Little kids are just amazing to watch, before they have absorbed the rules of thinking and behavior that we adults impose on them.
My granddaughter is just three, and yet she displays many of the leadership characteristics so admired in the libraries written about what it takes to be a great leader. Her only failing against the list is that she is as yet unable to clearly articulate the stuff swirling in her little head, but the palpable excitement at the world around her more than makes up for this minor shortcoming.
Relentless curiosity.
She is never satisfied with the first answer, and rarely the second, ‘Why’ being her favourite question. To an adult this can be annoying, so we set in place rules to avoid having to answer consecutive ‘why’ questions, and kids learn quickly not to. This is a lesson we should ‘unlearn’ for an engaging environment. Last week, at about the 4th ‘why’ to a question about the operation of a set of traffic lights to be seen out of their kitchen window, her mother responded by saying ‘because I said so’, to which my granddaughter responded, ‘Mummy, that is not an answer’.
No boundaries.
Nothing is off limits, her boundless curiosity takes her all sorts of places both in her mind and physically. Last week walking with her in the local park, she took off to what she later told me was her favorite ‘place,’ which was an ants nest in a garden. Down on her haunches for 10 minutes she watched the comings and goings of a colony of ants, all the while asking questions I found I could not properly answer.
Feedback = Learning.
She is a little ‘info-sponge’. Give her an answer to one of her relentless questions she accepts, and you can almost see it get stored away, for use later on. Walking back from the park, two tradies were struggling to get a heavy bit of gear off the back of their ute. Quick as a flash she told them they needed someone else to help, just like the ants. Then volunteered me. Delegated to by a three year old!
No feedback = Rebellion.
Being ignored is a sin to her. When she asks a question, or seeks attention in some way, ignoring her, or dismissing the effort leads to rebellion, displayed in a very diverse set of responses, from noise, to walking away muttering, to going somewhere she is normally not allowed to go. (best spot is under her Dads desk, amongst the rats nest of cables, where all sorts of mischief can be achieved in a very short time. Mums make-up once got a run, but the container was put out of reach, a problem she is no doubt still working on)
Try another way.
She has a box of Duplo bricks that get assembled, scattered around, and reassembled as something different, a legacy from her father at the same age dug out of our roof storage. While the attention span is still a bit short, she sets out to make something, usually from a picture in a book, then gets cranky because it is hard to see the similarity, but that does not stop her pulling bits off and replacing them with different bits in different places in an effort to replicate the picture. Usually they are unrecognisable to anyone but her, but she will tell you which bit of her construction relates to what in the picture.
Inclusion.
While she does love to be the center of attention, and often is, she is generally also happy to be just included in a conversation. She will happily sit beside Mum or Dad when there are several adults around having a chat, observing the conversation, and occasionally making some sort of contribution, usually one we adults fail to properly comprehend, but which is nevertheless valuable to her.
Memory of an elephant.
Even at her tender age, she is able to recognise a different answer to a similar question, and responds poorly to the inconsistency. In the absence of an explanation of why this time it is different, that meets some standard she seems to have evolved, the inconsistency niggles her. It will come back later at a seemingly random time in the form of another question, that seems to activate another series of ‘Whys’.
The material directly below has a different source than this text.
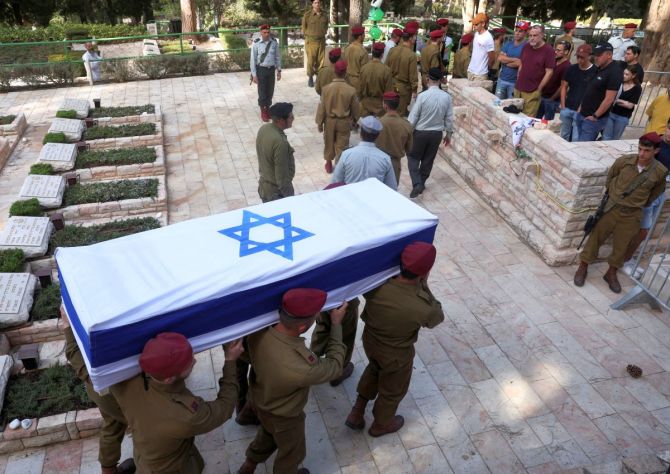 Israeli Military Reports Eight Soldiers Killed in Clashes with Hezbollah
At three she is a joy, God help her parents when she is 16! However, by then she will probably have been conditioned by school, peers, the boss in her part time job, and even her parents, just to go along with the flow to make life easier.
I hope not, as that would nullify what I call Grandparents revenge, (the opportunity to engage with grandchildren, but then hand them back to their parents when the going gets tough), and diminish her, and the contribution she has the innate capacity to make to those around her.